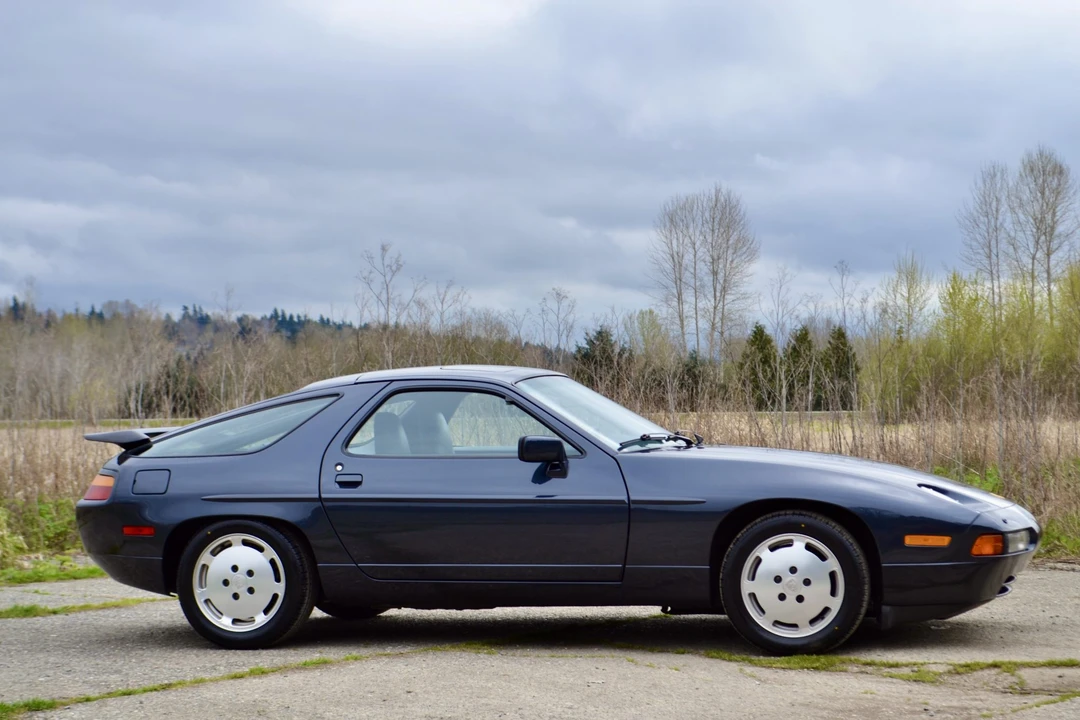 1987 Porsche 928 S4 - Image 25 of 31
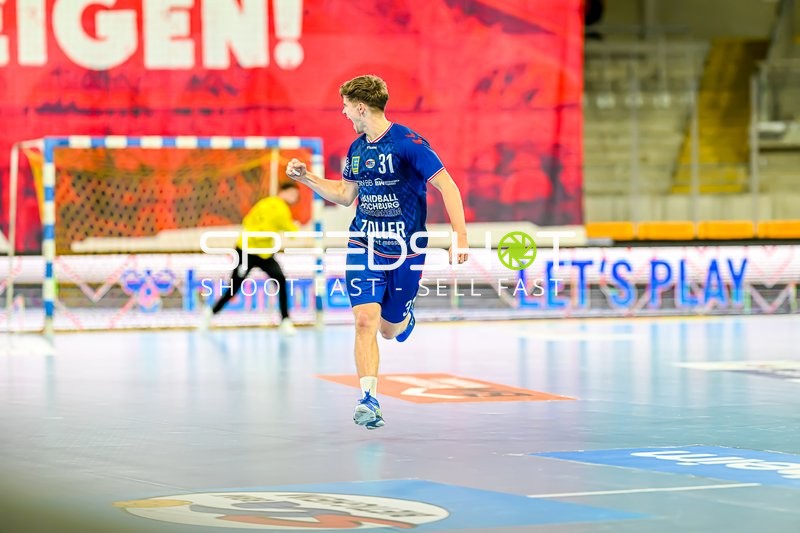 Handball I Herren I Saison 2023-2024 I 2. Handballbundesliga I 8. Spieltag I SG BBM Bietigheim - ASV Hamm-Westfalen I 21.10.2023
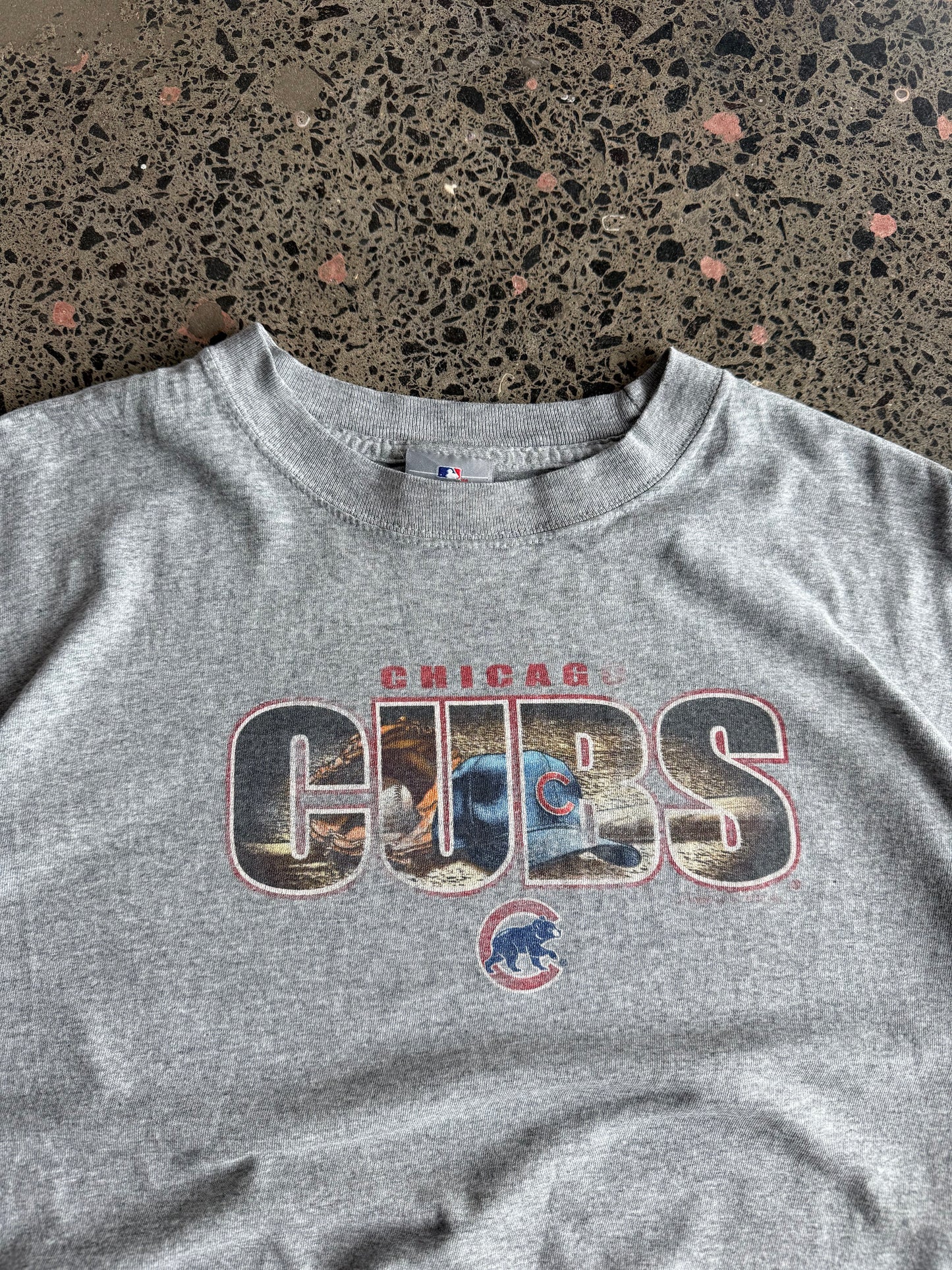 2008 MLB Cubs T-shirt - XL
_ _ _
▶ Exercise directions
From the material above, output every line exactly as written, dropping any picture.

▶ Exercise solution
 1987 Porsche 928 S4 - Image 25 of 31
 Handball I Herren I Saison 2023-2024 I 2. Handballbundesliga I 8. Spieltag I SG BBM Bietigheim - ASV Hamm-Westfalen I 21.10.2023
 2008 MLB Cubs T-shirt - XL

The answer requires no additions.